Understanding Data Through Persistence Diagrams
Expert level: ⭐⭐⭐
Persistence diagrams are cornerstones of Topological Data Analysis, yet the formal algebraic topology required to understand its foundations can be intimidating for readers without a strong mathematical background. This article aims to bridge that gap.
🎨 Modeling & Design Principles
🧠 Key Takeaways 💎
🛠️ Exercises 💎
🧩 Appendix 💎
💬 News & Reviews 💎
🎯 Why this matters
Purpose: I have already introduced simplicial complexes, cell complexes, and hypergraphs as core tools in Topological Data Analysis. It is now time to turn to persistent homology, beginning with persistence diagrams as a way to capture global geometric structure and extract topological features.
Audience: Data scientists and machine learning engineers aiming to assess the underlying shape and structure of data prior to building models.
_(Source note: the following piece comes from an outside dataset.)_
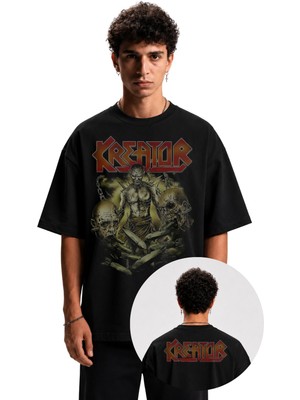 Fuddy Moda Unisex Kreator Skull Ense Baskılı Bisiklet Yaka Tişört, Oversize Rock Band Temalı Tshirt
Value: Learn to recognize and interpret the most common persistence diagrams using noisy, shape-driven data.
🎨 Modeling & Design Principles
Overview
I already dived into the key components of topological data analysis - topological spaces, and domains such as simplicial complexes or cell complexes - as a pre-requisite to the introduction of homology [ref 1].
📌 The topological concepts such as topological spaces, complexes or filtration and related terminology is described in Demystifying the Math of Geometric Deep Learning - Topology
This article considers only topological spaces equipped with.a metric with emphasis on simplicial complexes described in a previous article - Exploring Simplicial Complexes for Deep Learning: Concepts to Code
Topological data Analysis
⚠️ I emphasize that this paper is not a survey of recent advances in topological data analysis, but rather a tutorial designed to introduce the basic concepts to machine learning practitioners
Many challenges in data analysis echo two fundamental integration problems:
how to recover high-dimensional structure from low-dimensional representations, and how to assemble discrete samples into a coherent global form.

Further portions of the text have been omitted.